Average Annual Compensation for CEOs with a Separate “Insider” Chair 42 Percent More Than for Those with an Independent Outside Chair
ROCKVILLE, MD. (March 9, 2016) – The average annual compensation for chief executive officers of large U.S. corporations varies significantly depending on board leadership structure, according to a report released today by Institutional Shareholder Services.
An ISS analysis of S&P500 companies finds compensation over a three year period was 42 percent higher on average for CEOs that had an insider chairman (excluding those in a combined role), than for CEOs of companies chaired by an independent outsider. CEOs who also held the post of board chair were the next highest group, receiving 29 percent more in average annual compensation compared to CEOs of companies chaired by an independent outsider.

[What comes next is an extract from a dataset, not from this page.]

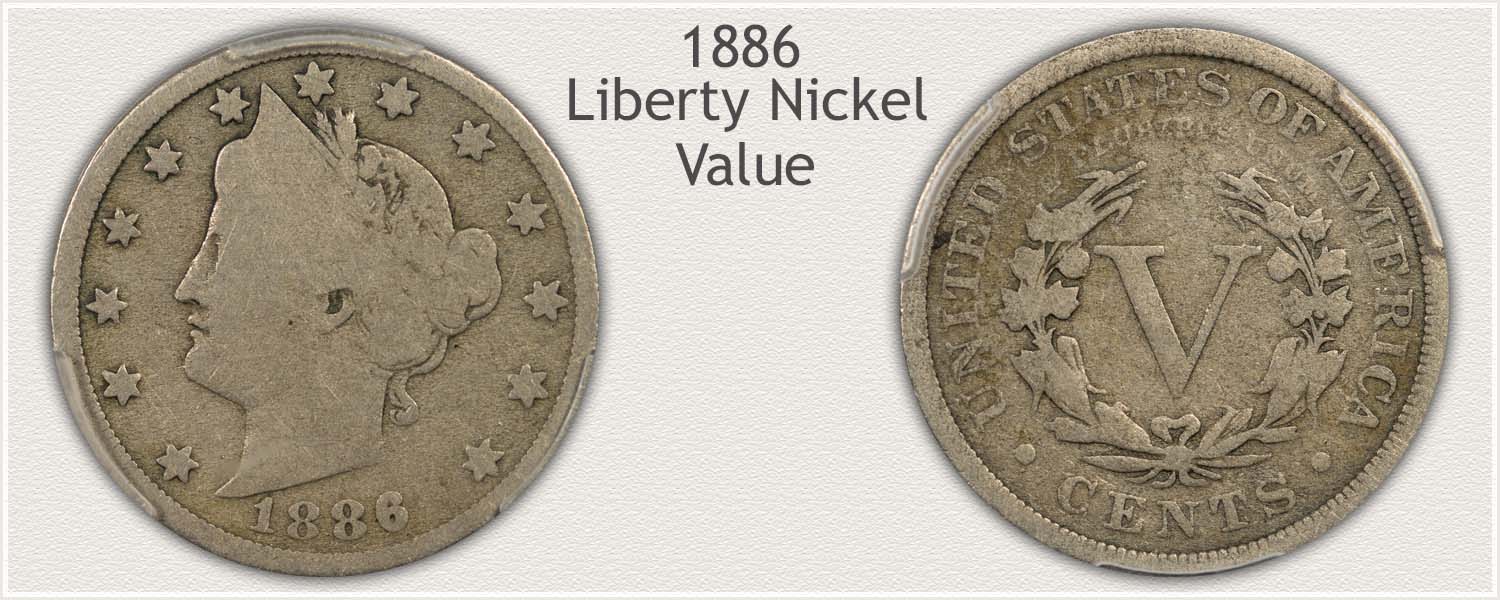1886 Liberty Nickel Representing Quality Value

Average CEO pay was also sensitive to company revenue, but regressions showed no significant association with other potential explanatory factors, such as indexed shareholder return performance or CEO tenure.
While the number of U.S. companies that combine the top two titles has declined in recent years, the dual role is still the most prevalent leadership structure among S&P 500 companies, according to ISS QuickScore data. For 2015, approximately 51 percent of S&P 500 companies combined the chair and CEO roles, down from approximately 54 percent in 2014.

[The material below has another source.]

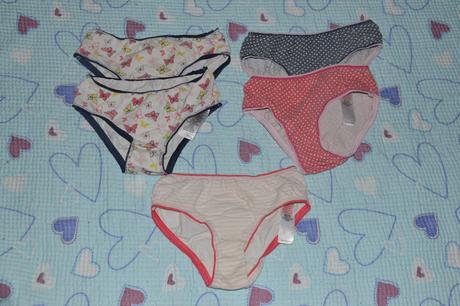 Spodní dívčí kalhotky vzorované, f&f,110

The fact that, on average, a CEO’s pay is generally higher when that post is held in conjunction with the board chair role or when there is an insider chairman provides some support of views that insiders are not the best monitors of shareholder interests in the board room, at least as measured by CEO pay.
“While many studies have examined the impact of financial, economic, and operational measures on CEO pay, the effect of board leadership structures has to date not been a significant part of the body of analysis,” said Carol Bowie, ISS’ head of Americas research. “These findings suggest that companies with a greater level of independent oversight are able to provide a more effective check on CEO compensation.”